**What to do:**
Span requested from the data below: the line with "Verona Scatterback Sofa" through the line with "Vector geometric brown, orange", both included. Give only these lines again, exactly, and leave every picture out.

**Short text fragments from websites:**
[Start of section]

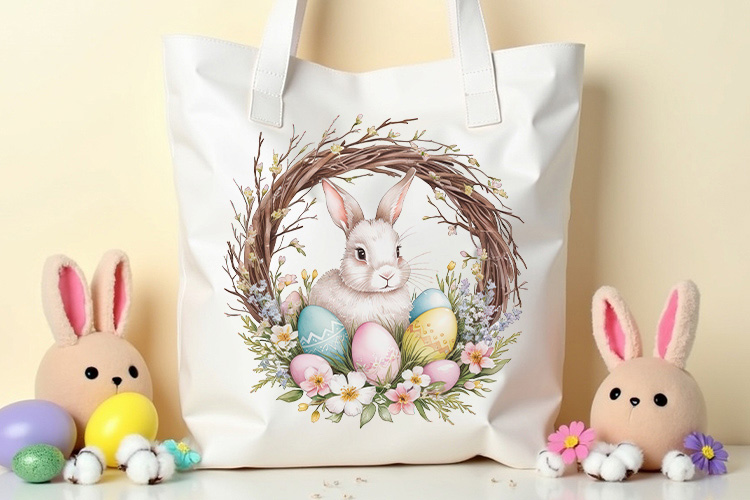 Vibrant Easter Bunny Wreath Sublimation Clipart Tote Bag Mockup Image.jpg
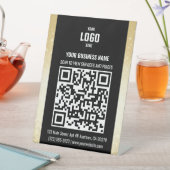Zwart & Goud Business QR Code voetstuk Reclamebord Met Voetstuk (Insitu)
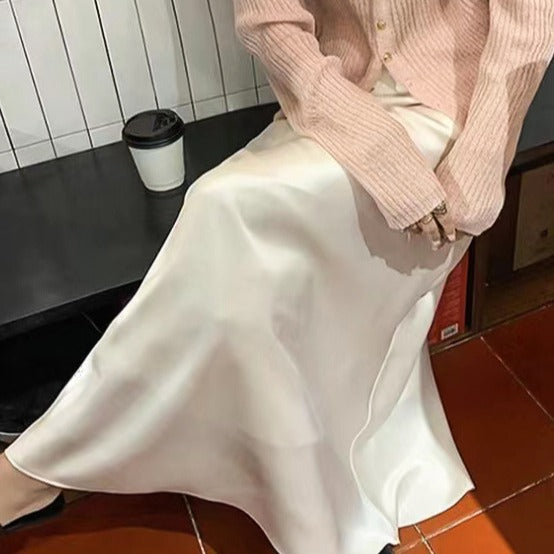 2025 Spot acetic acid satin high-end skirt temperament high waist drape thin fishtail skirt medium and long
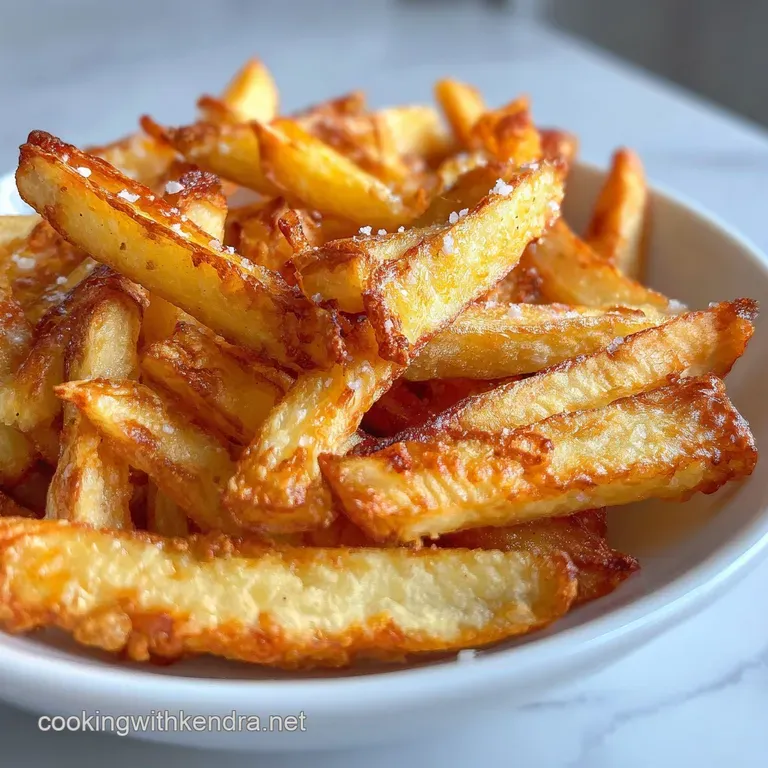 Crisp, golden air fryer fries artfully arranged in a white bowl, sprinkled with sea salt and herbs, inviting and delicious.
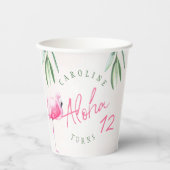 熱帯ピンクのフラミンゴのパーソナライズされた誕生日パーティー 紙コップ (正面)
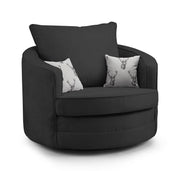 Verona Scatterback Sofa - Black Swivel Chair - 105 CM 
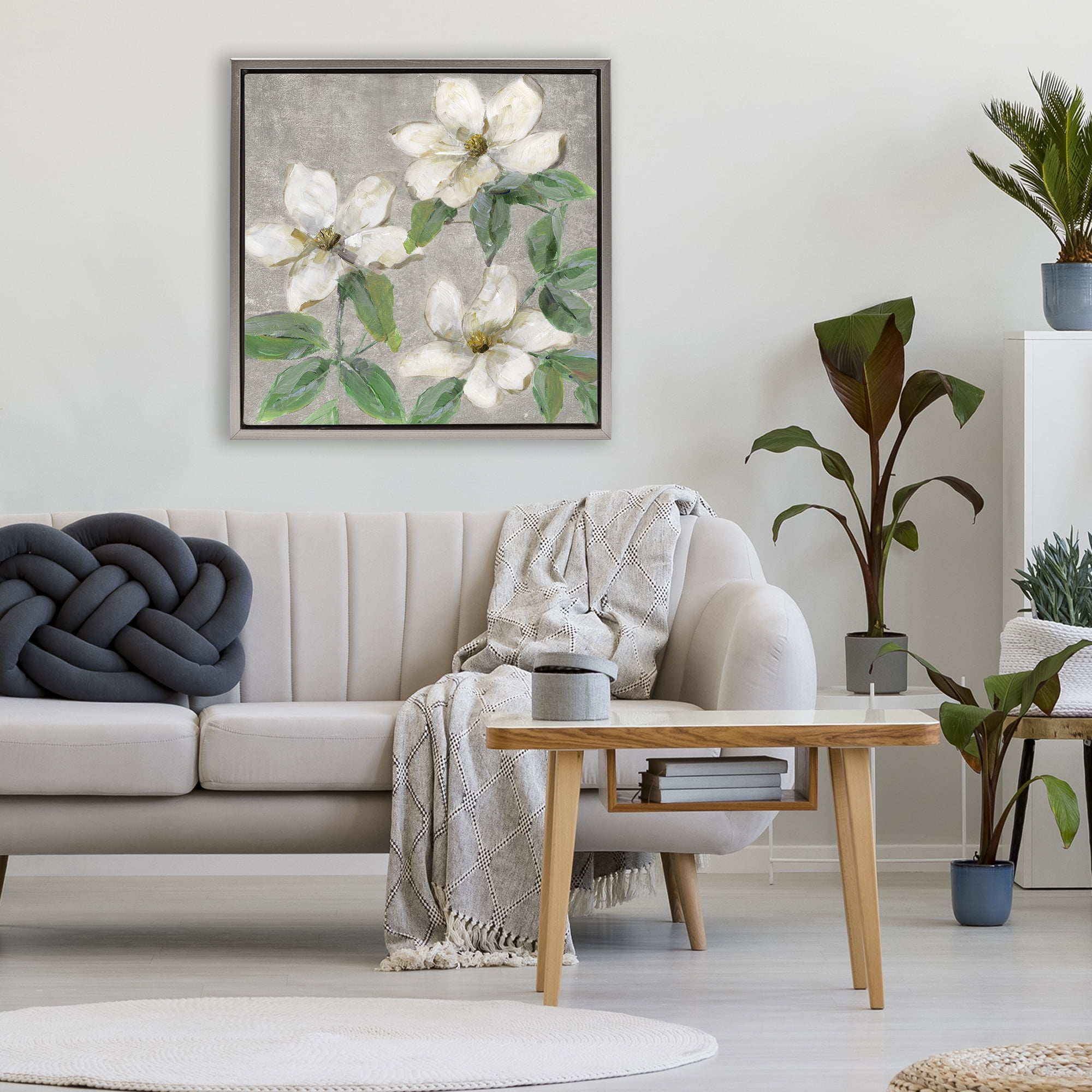 Stupell Industries Ivory Magnolia Trio Gray Framed Floater Canvas Wall Art, design by Sally Swatland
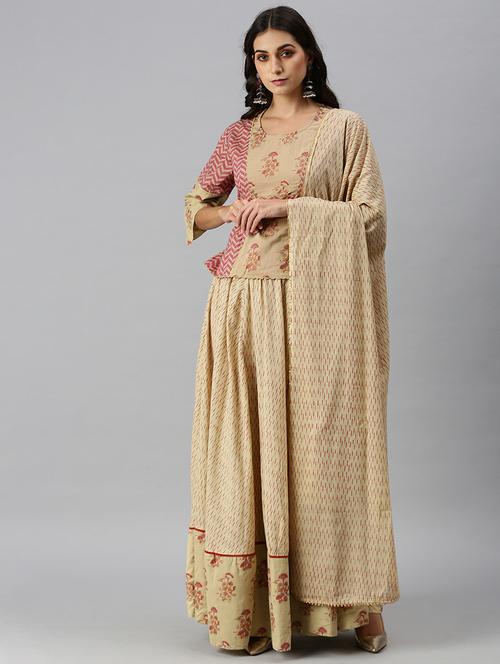 women beige printed skirt top set with dupatta - 18260910 - Standard Image - 0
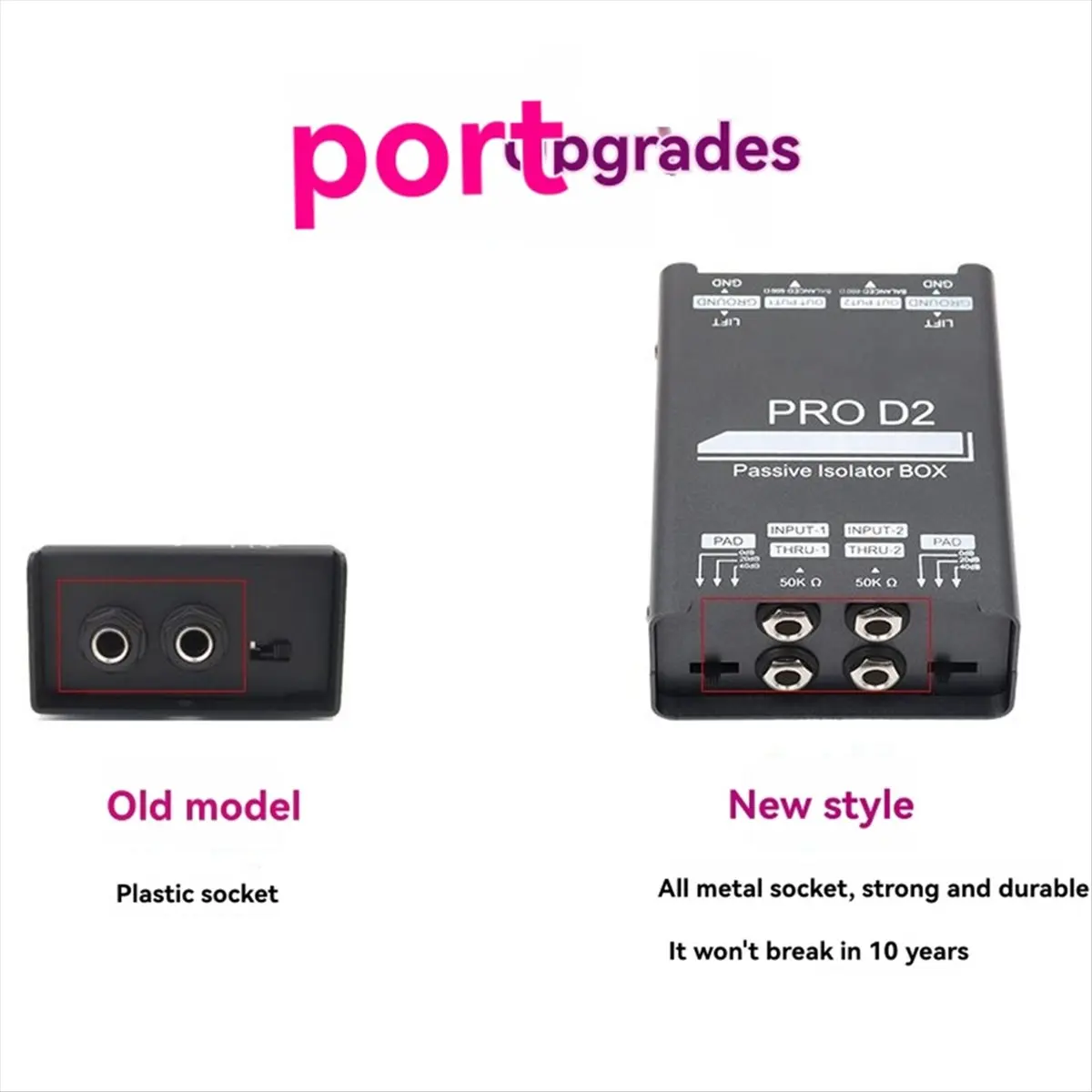 

A08I New PRO D2 Dual-Channel 6.5 XLR Mixer Audio Isolator Current Sound Noise Microphone Common Ground Filter 20Hz -20kHz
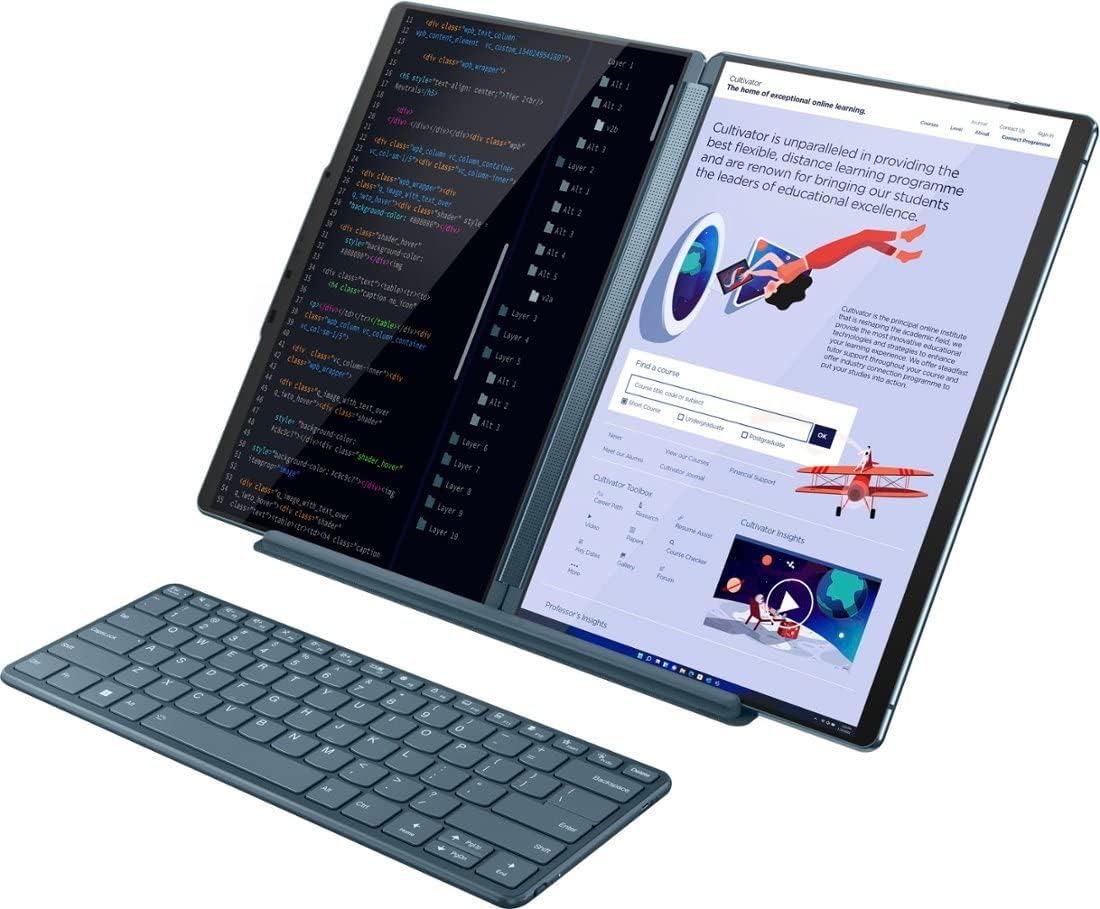 Lenovo Yoga Book 9i 2-in-1 13.3' 2.8K Dual Screen OLED Touch Laptop - Intel Core i7-1355U with 16GB Memory - 512GB SSD - Tidal Teal ((512GB - China Model No Warranty)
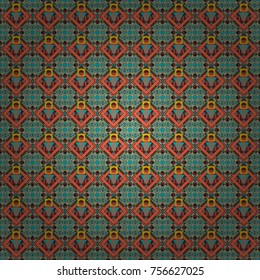 Vector geometric brown, orange and blue seamless background.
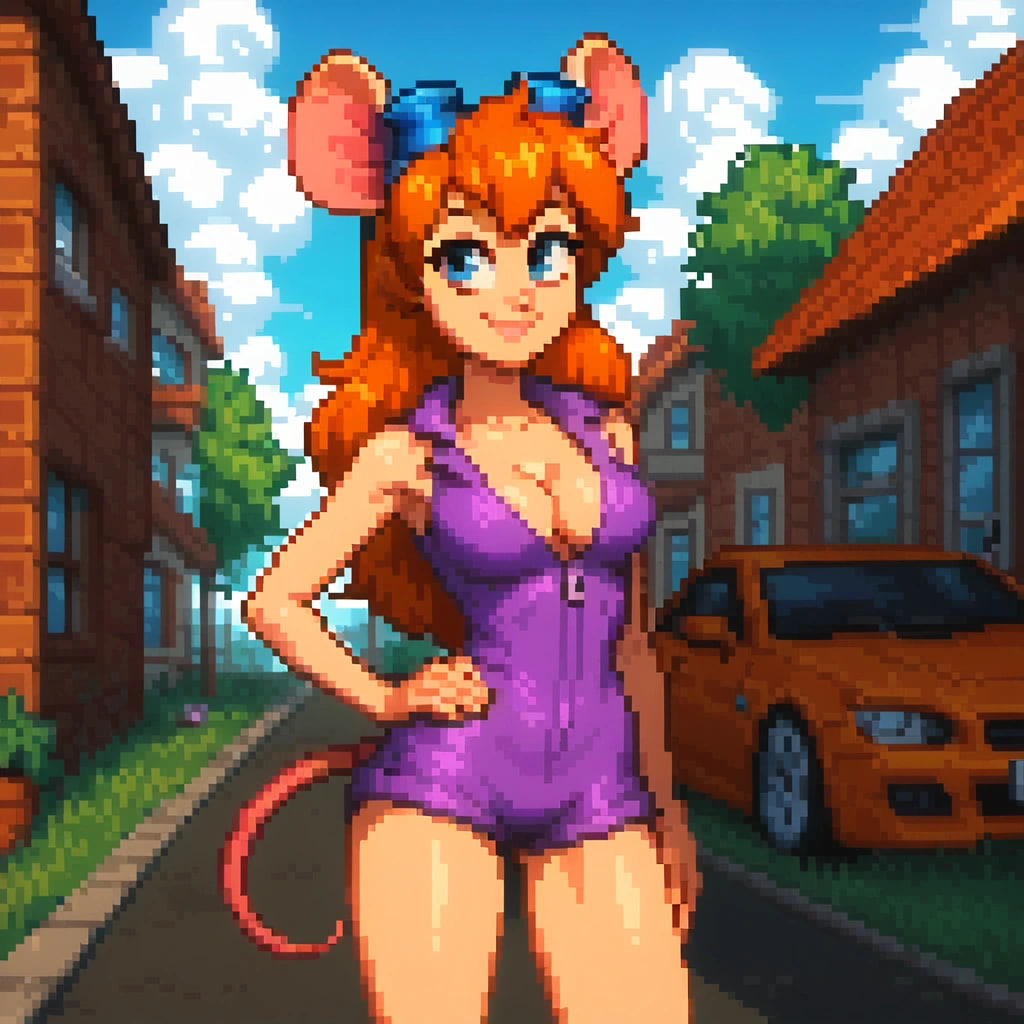 Gadget - pixel art from a neural network - My, Нейронные сети, Neural network art, Artificial Intelligence, Art, Stable diffusion, Fooocus, Desktop wallpaper, Chip and Dale, Gadget hackwrench, Cartoons, Pixel Art, Computer graphics, Longpost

[End of section]

**Result for this exercise:**
 Verona Scatterback Sofa - Black Swivel Chair - 105 CM 
 Stupell Industries Ivory Magnolia Trio Gray Framed Floater Canvas Wall Art, design by Sally Swatland
 women beige printed skirt top set with dupatta - 18260910 - Standard Image - 0

A08I New PRO D2 Dual-Channel 6.5 XLR Mixer Audio Isolator Current Sound Noise Microphone Common Ground Filter 20Hz -20kHz
 Lenovo Yoga Book 9i 2-in-1 13.3' 2.8K Dual Screen OLED Touch Laptop - Intel Core i7-1355U with 16GB Memory - 512GB SSD - Tidal Teal ((512GB - China Model No Warranty)
 Vector geometric brown, orange and blue seamless background.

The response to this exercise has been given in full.